For many, this is an all too familiar situation: underage individuals committing crimes that would lock them up if they were a couple of years older, or even a few months. Yet, should there be a legalized limit of at what age a person can understand their actions? Surely American citizens do not simply gain a conscience on their eighteenth birthday.
Cultural stepping stones should not be used to determine whether an individual can be treated as an adult. Instead, it should be psychologically evaluated to determine a generalized, but flexible age that a citizen should be held accountable for the severity of their actions.
The age of adulthood in the United States is eighteen. However, the global standards of what constitutes adulthood are largely different. It is not just to assume that independent of age, teenagers lack the capacity to act and think as adults.
In developing countries with a lack of child labor laws and early marriage for females, the age of adulthood is understandably much earlier than ours, generally ranging from 12-14. However, in developed states, the minimum age of adulthood is 15-16.
Various factors legally determine “adulthood:” the right to marry, to vote, to enter military service, to drive, and to purchase and consume alcohol. In the United States, 16-year-old citizens may maneuver 4000lbs of steel around on busy streets and highways, yet they are not mature enough to rent a car until 25. Not to mention our ludicrous drinking age.
None of these factors justify being an adult, or being tried as an adult. That is a psychological issue that should be considered as such, instead of the legal ability to purchase alcohol.
By their teens, humans understand doubt, shame and guilt, all sensations felt after committing an atrocious crime. Unless the individual is psychologically unwell, as is often considered in adult cases, they inevitably experience these emotions.
Psychologist Erik Erikson developed typologies for stages of psychosocial development, stating that in the first year and a half of a child’s life it learns to trust or mistrust. Between one and three years old, a child experiences shame and doubt, and from roughly three to six years of age, a child learns guilt.
Erikson’s work claims that 6-year-olds understand that their actions have consequences, which is hard to deny when children are seen to be evading punishment after doing something wrong or openly expressing guilt after causing trouble.
If a child learns shame, doubt and guilt by the time he or she is six, then the ability to foresee consequences should be present by the teenage years.
A year after murdering Ed McMichael, one of the teens turned 18 and committed a robbery, for which he was treated and punished as an adult. A mild crime received full penalty in the adult world, while the teen’s earlier case of manslaughter simply got him a little over a year in juvenile detention. Supposedly, the teen was not mature enough at 17 years old to be guilty of murder, but a year later was fully convicted of robbery.

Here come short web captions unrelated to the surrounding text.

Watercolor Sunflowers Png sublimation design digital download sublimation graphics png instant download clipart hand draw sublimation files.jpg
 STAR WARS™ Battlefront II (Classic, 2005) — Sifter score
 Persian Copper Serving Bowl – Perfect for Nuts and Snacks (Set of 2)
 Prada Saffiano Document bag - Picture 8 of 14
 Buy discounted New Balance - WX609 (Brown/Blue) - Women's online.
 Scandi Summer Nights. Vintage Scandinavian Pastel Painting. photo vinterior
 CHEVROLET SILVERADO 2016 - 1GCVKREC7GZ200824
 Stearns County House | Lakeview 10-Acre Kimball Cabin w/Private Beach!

Even more than merely serving justice we must consider those who are targeted by the misled actions of teenagers. Ed McMichael’s murder is no less significant because the murderer was not an adult. It is almost more ludicrous that he could die at the hands of someone so young.
The prosecution of youth needs to be reevaluated, analyzing the psychological maturity of a suspect and holding them accountable for their illegal and violent actions.